# Viel Schlamm im grossen Teich



## vinzenz990 (20. März 2007)

Hallo zusammen, ich bin neu hier und hoffe auf Tips oder Hilfe. Mein Teich (ca. 300 qm Wasserfläche) liegt direkt am Waldrand und wird von einem Quellbach gespeist. Im Laufe der Jahre hat sich extrem viel Schlamm am Boden abgelagert, es dürfte mittlerweile einen Meter übersteigen. Da wir den Teich gerne als Schwimmteich nutzten wollen, soll der Schlamm raus. Nur wie? Absaugen, Ausbaggern, vorher ablaufen lassen oder nicht? Welche Firmen muss ich ansprechen, welche Kosten kommen auf mich zu? Bin für jede Idee oder jeden Tip dankbar.


----------



## Olli.P (20. März 2007)

*AW: Viel Schlamm im grossen Teich*

Hi Vinzenz990,


da sag ich doch: *Herzlich Willkommen* hier bei uns im Forum!!!


Wie sieht's mit ein paar Bildern aus?????

eine Anleitung zum holaden gibbet Hier

Ist das ein Naturteich?? Mit oder ohne Folie????

Ist Vinzenz dein Vorname???

Etwas mehr Input zum Teichumfeld wäre nicht schlecht..... 

Dann wird disch sicher auch geholfen............


----------



## vinzenz990 (21. März 2007)

*AW: Viel Schlamm im grossen Teich*

Hallo und vielen Dank für die schnelle Reaktion. Also, es handelt sich um einen Naturteich ohne Folie, die Abdichtung erfolgte mit einer Lehmschicht. Der Teich hat einen Zulauf über einen Waldquellenbach. Da der Teich direkt am Waldrand liegt, fällt natürlich besonders im Herbst sehr viel Laub hinein. Der Fischbesatz ist bis auf 3  uralte Kois (noch vom Vorbesitzer) natürlichen Ursprungs. 
Ich habe mal gelesen, dass man den Schlamm, den man dem Teich entnimmt, am besten neben das Gewässer schüttet. Ist das richtig? Wie sieht das in Naturschutzgebieten aus? Baggern oder saugen, was ist besser?
Mein richtiger Name ist übrigens Thomas.
Werde mal demnächst versuchen, Teichbilder einzustellen.
Gruß
Thomas


----------



## Annett (22. März 2007)

*AW: Viel Schlamm im grossen Teich*

Hallo Thomas,

wenn der Teich in einem Naturschutzgebiet liegt, würde ich erstmal bei der dafür zuständigen Behörde nachfragen, was Du überhaupt machen darfst! Nicht, dass es hinterher mächtigen Ärger gibt. 

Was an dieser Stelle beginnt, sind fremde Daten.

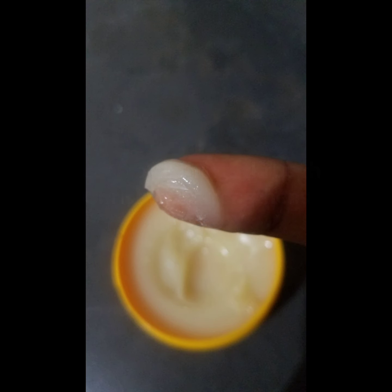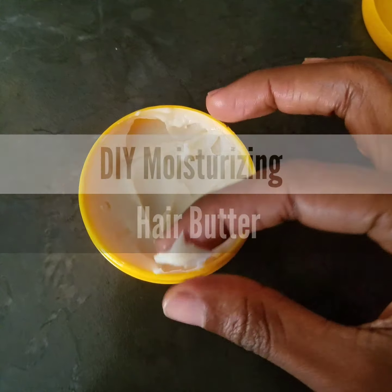Hey curl friends, welcome back to my channel, it's your girl Curly Fries. Thank you so much for being here. Today in this week's video, as you can see, I will be making my DIY moisturizing hair butter — especially now that my hair is in a protective style. This is my go-to butter that I use to seal in my moisture.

Mit einem Bagger würdest Du sehr wahrs. die Dichtung kaputt machen.
Hier im Ort werden gerade einige große Dorfteiche "geschlämmt" - ausgebaggert. Ich könnte mal Bilder machen, aber nachahmenswert sieht das nicht aus.
Der Schlamm soll erstmal neben dem Gewässer liegen bleiben, damit darin befindliche Lebewesen wieder zurück in selbiges flüchten können.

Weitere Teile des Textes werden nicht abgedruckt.